Alongside this, a new concerts feature scans your listening history and surfaces live events happening near you. It is a smart bridge between your digital music habits and real-world experiences. Apple is quietly making the case that a music app should do more than just play songs.
Shazam also gets a meaningful upgrade. It can now identify songs without an internet connection. This might sound like a minor convenience, but anyone who has tried to Shazam something at a crowded venue with patchy signal will tell you it is anything but minor. The feature works locally on-device, which also means it is faster.
CarPlay Gets Smarter Controls
CarPlay has been updated with deeper integration for intelligent voice assistants. The goal is to reduce how often drivers need to look at a screen or tap anything at all. You speak, things happen. It is a clear step toward making the driving experience safer without stripping away functionality. The integration feels natural rather than bolted on, which is a harder thing to achieve than it sounds.
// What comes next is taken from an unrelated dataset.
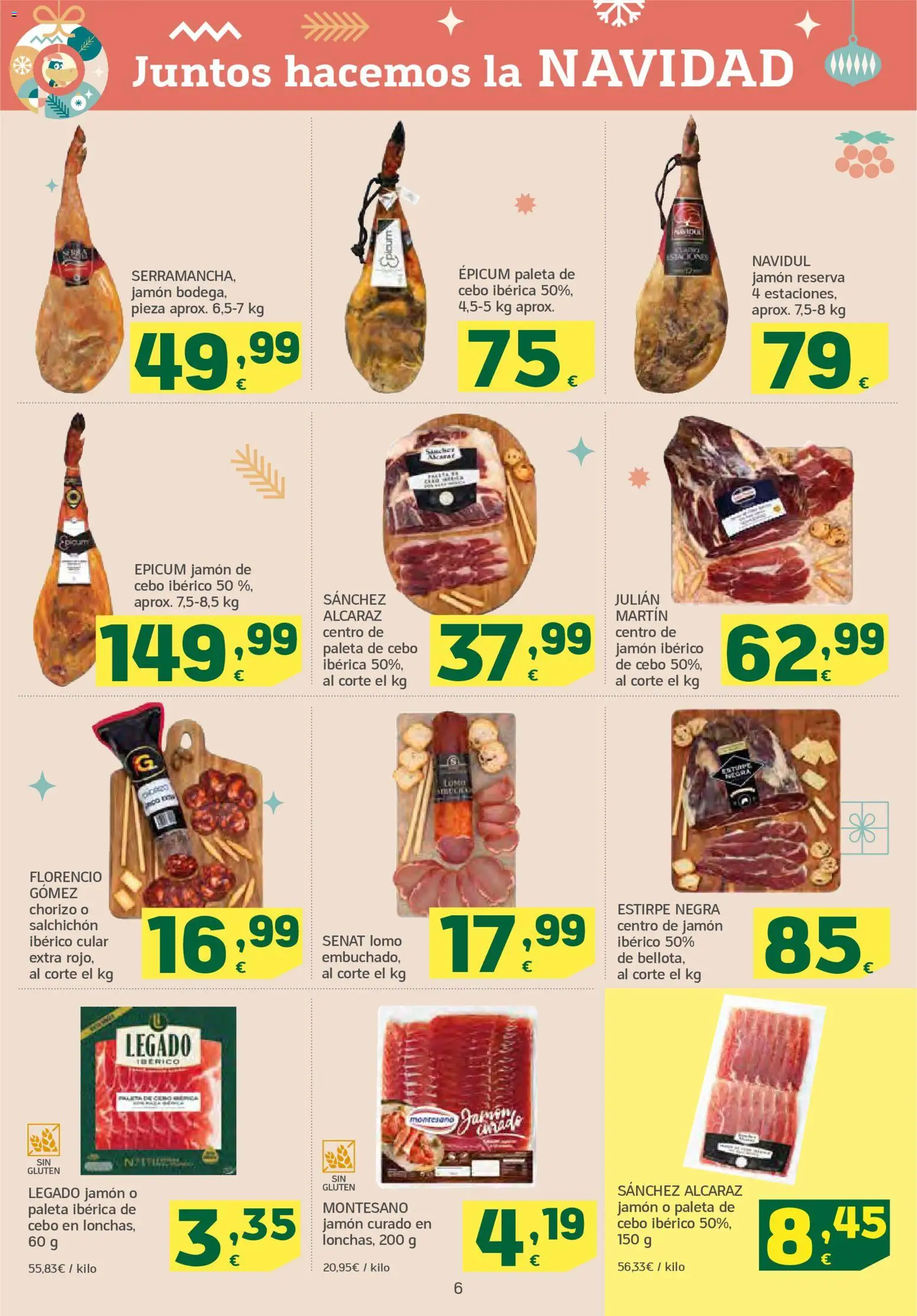 HiperDino folleto │ válido desde el 18.12.2025 | Página: 6 | Productos: Jamón ibérico, Jamón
The Fixes You Feel Every Day
This is where iOS 26.4 earns its keep. Keyboard responsiveness has been improved, and the difference is noticeable immediately. Typing feels more accurate and less combative. Accessibility features have been refined across the board, with better contrast options and adjusted spacing that makes the interface easier to read without forcing you into larger text sizes.
The Health app has also been updated. It now surfaces more actionable insights from your daily data rather than just displaying numbers. If your sleep patterns have shifted or your activity levels have changed, the app now contextualises that clearly instead of leaving you to interpret raw figures on your own.
These are the kinds of changes that do not photograph well for a press release. They also happen to be the ones that make your phone feel genuinely better to use.
A Few Other Additions
New emojis have been added in this update. They will find their way into your conversations faster than you expect. Family Sharing has also been updated, with more granular control over shared payments and subscriptions. If you share an Apple account with family members, this puts clearer limits on who can spend what, which has been a long-requested fix.
What This Update Actually Represents
iOS 26.4 is Apple doing what it does best when it is not trying to make headlines. Every addition here serves a clear purpose. The AI music features are genuinely useful. The CarPlay improvements address a real safety concern. The small UI fixes accumulate into a noticeably smoother daily experience.
There is no bloat. Nothing feels experimental or half-finished. That discipline is harder to maintain than it looks, especially as operating systems grow more complex with each passing year.
If you have been holding off on updating, this is the one worth installing.